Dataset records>
*** Block opens ***

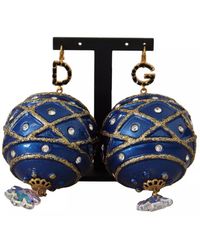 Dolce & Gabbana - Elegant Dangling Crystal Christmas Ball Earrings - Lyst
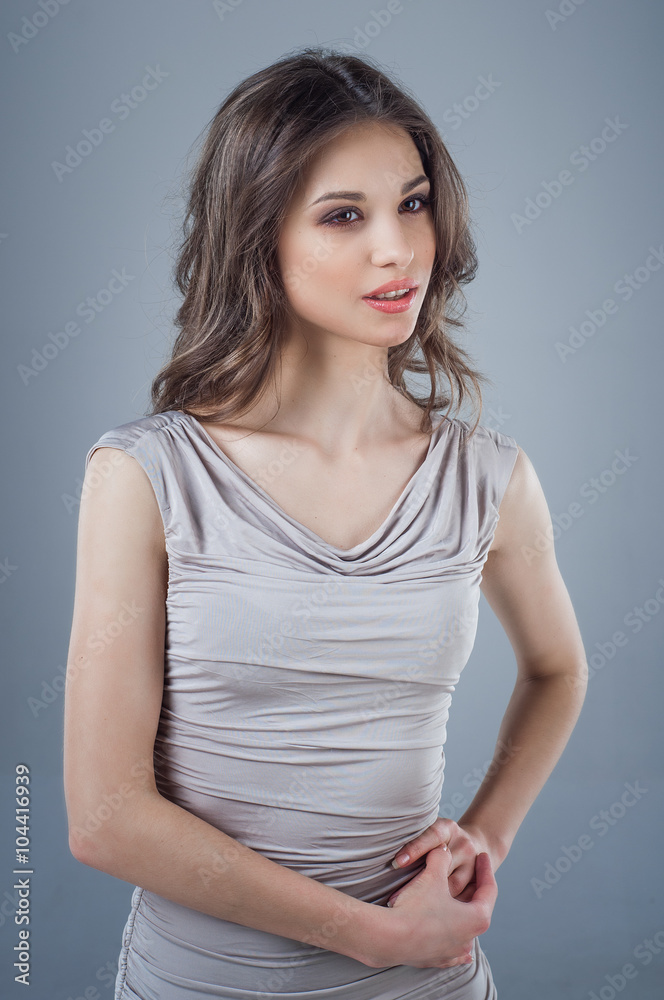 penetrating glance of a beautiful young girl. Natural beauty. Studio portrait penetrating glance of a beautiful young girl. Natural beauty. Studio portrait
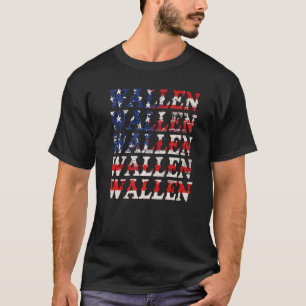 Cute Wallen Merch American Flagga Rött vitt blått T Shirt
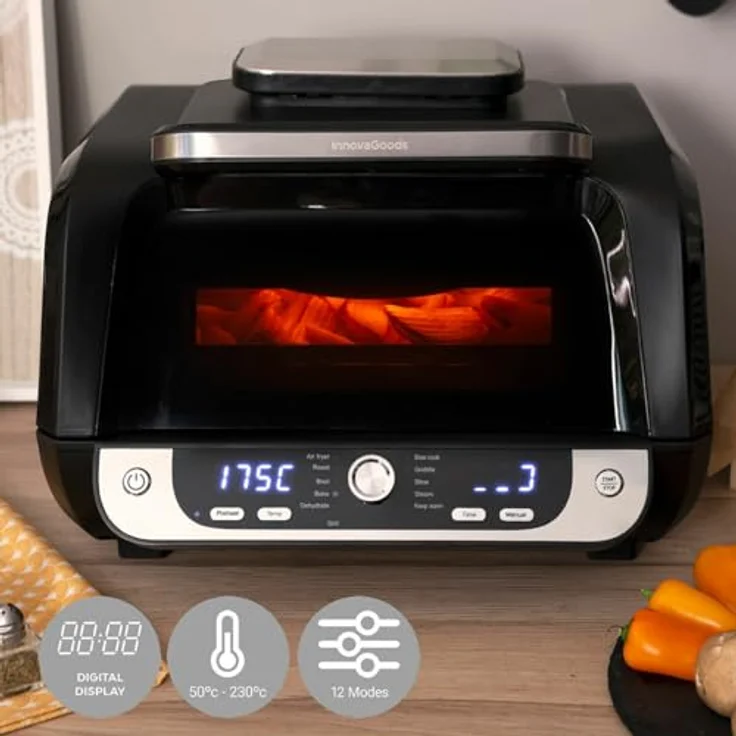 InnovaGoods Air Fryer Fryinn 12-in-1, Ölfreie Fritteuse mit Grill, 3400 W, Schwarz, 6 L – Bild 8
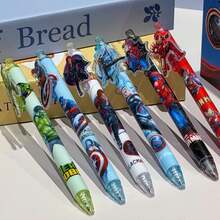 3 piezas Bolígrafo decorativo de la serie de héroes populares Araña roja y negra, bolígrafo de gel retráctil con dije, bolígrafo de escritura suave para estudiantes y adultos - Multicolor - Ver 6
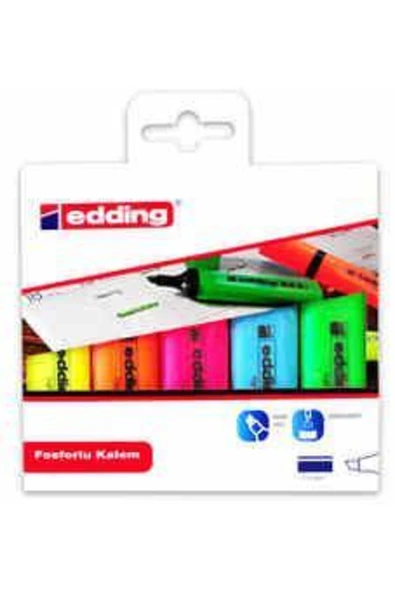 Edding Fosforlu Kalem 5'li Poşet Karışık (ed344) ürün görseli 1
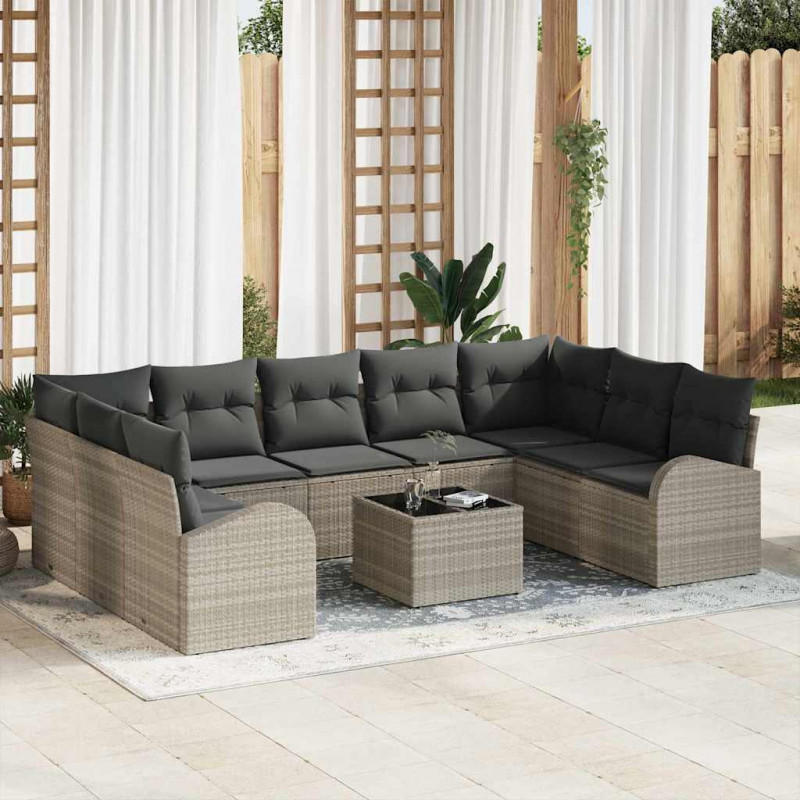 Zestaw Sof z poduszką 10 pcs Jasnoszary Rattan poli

*** Block closes ***

The full set of entries should be transcribed exactly, pictures left aside.

Written solution>
 Dolce & Gabbana - Elegant Dangling Crystal Christmas Ball Earrings - Lyst
 penetrating glance of a beautiful young girl. Natural beauty. Studio portrait penetrating glance of a beautiful young girl. Natural beauty. Studio portrait
 Cute Wallen Merch American Flagga Rött vitt blått T Shirt
 InnovaGoods Air Fryer Fryinn 12-in-1, Ölfreie Fritteuse mit Grill, 3400 W, Schwarz, 6 L – Bild 8
 3 piezas Bolígrafo decorativo de la serie de héroes populares Araña roja y negra, bolígrafo de gel retráctil con dije, bolígrafo de escritura suave para estudiantes y adultos - Multicolor - Ver 6
 Edding Fosforlu Kalem 5'li Poşet Karışık (ed344) ürün görseli 1
 Zestaw Sof z poduszką 10 pcs Jasnoszary Rattan poli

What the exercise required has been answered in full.